Our approach will also impact data dissemination in wired and wireless local
area networks, as well as satellite links, where broadcasting is the principal
mode of communication.
Multicast communication raises many data management issues that either do not arise in unicast communication, or that obviously require different solutions than the standard methods used in unicast settings. As an illustrative example consider the application of a highly scalable Web server. The objective of the Web server application is to scale to a large client population, and scalability will be accomplished by using the middleware. In the middleware, the server can disseminate data by choosing any combination of the following three schemes: multicast push, multicast pull, and unicast push. In multicast push the server repeatedly sends information to the clients without explicit client requests. (For example, television is a classic multicast push system). Multicast push is an ideal fit for asymmetric communication links, such as satellites and base station methods, where there is little or no bandwidth from the client to the server. For the same reason, multicast push is also ideal to achieve maximal scalability of Internet hot spots. Hence, generally multicast push should be restricted to hot resources. In multicast pull, the clients make explicit requests for resources, and the server broadcasts the responses to all members of the multicast group. If multiple clients request the same resource at approximately the same time, the server may aggregate these requests, and only broadcast the resource once. One would expect that this possibility of aggregation would improve user perceived performance for the same reason that proxy caches improve performance, that is, it is common for different users to make requests to the same resource. Multicast pull is a good fit for ``warm resources'' for which repetitive multicast push cannot be justified, while there is an advantage in aggregating concurrent client requests. Traditional unicast pull is reserved for cold documents. The end-user should not perceive that Web resources are downloaded with a variety of methods, as the browser and the middleware shield the user from the details of the multi-tier dissemination protocol.
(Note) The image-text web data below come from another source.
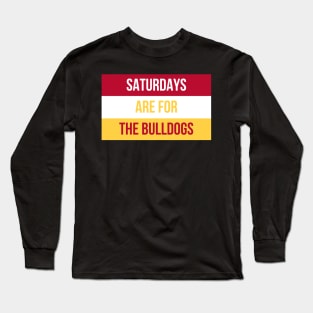 Saturdays are for the Bulldogs Long Sleeve T-Shirt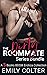The Dirty Roommate Series B...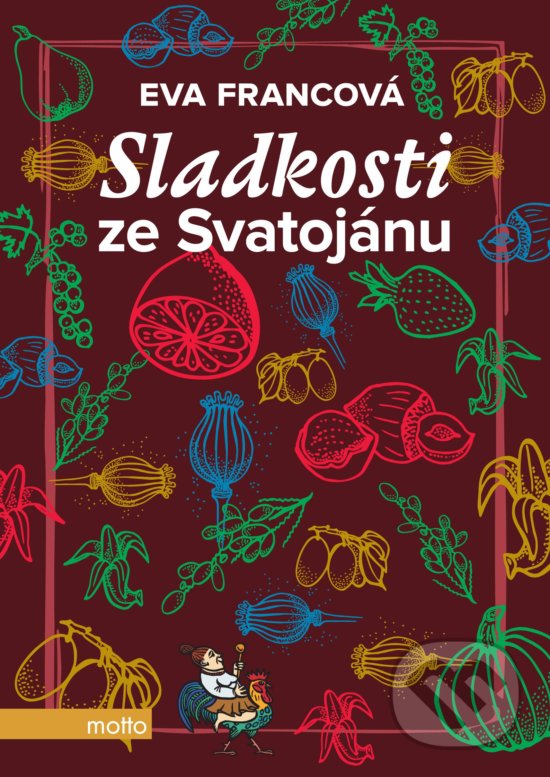 Kniha: Sladkosti ze Svatojánu (Eva Francová). Motto, 2018 Kniha: Sladkosti ze Svatojánu (Eva Francová). Motto, 2018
In the Web server application, the document selection unit periodically gathers statistics on document popularity. Once statistics have been collected, the server partitions the resources into hot, warm, and cold documents. When a client wishes to request a Web document, it either downloads it from a multicast channel or it requests the document explicitly depending on whether the document is hot or not. The server also broadcasts an index of sorted URIs which quickly allows the client to determine whether the requested resource is in the hot broadcast set. On the whole, the client determines the multicast channel, downloads the appropriate portions of the index, and determines whether the resource is upcoming along the cyclic broadcast. If the request is not in the hot broadcast set, the client can make an explicit request to the server, and simultaneously starts to listen to the warm multicast channel if one is available. If the page is cold, the requested resource is returned on the same connection. If the page is warm, the clients waits on the warm multicast channel until the requested resource is transmitted. The multicast pull scheduling component resolves contention among client request for the use of the warm multicast channel and establishes the order in which pages are sent over that channel.
In multicast push, the server periodically broadcasts hot resources to the clients. The server chunks hot resources into nearly equal-size pages that fit into one datagram and then cyclically sends them on a single or on a layered multicast channel along with index pages. The frequency and ordering of the pages within the multicast push channel are determined by the multicast push scheduling component. Upon receipt of the desired pages, the client can buffer them to reconstruct the original resource and can cache resources to satisfy future request. The set of hot pages is cyclically multicast, and so received pages are current in that they cannot be more than one cycle out-of-date. Furthermore, certain types of consistency semantics can be guaranteed by transmitting additional information along with the control pages.
This project incorporates both applied and fundamental research investigations. On the applied research side, it focuses on the design and implementation of middleware for multicast data dissemination that transparently provides applications with a flexible array of data management services. These services include document selection, scheduling, indexing, caching, and consistency maintenance. The outline of our architecture is shown in Figure 1 (the transport layer is any one of the protocols that is available independently of this project, and the objective of the transport adaptation layer is to enable the middleware to interact with different types of multicast transport within a uniform interface). This approach has the benefit of unifying several algorithms and techniques from data management as services into one software distribution. As a result, established and new methods from data management will be more generally available to application developers.
On the fundamental research side, beside new algorithms and optimizations for each component, this project aims to provide an insight into the functional synergy of the different components. An integrated approach highlights gaps in the state of the art, and leads to new research problems and solutions. In particular, this middleware exposes the performance and functional trade-off between existing data management algorithms and existing or proposed multicast protocols. Consequently, our approach suggests new research issues in the field of middleware technology.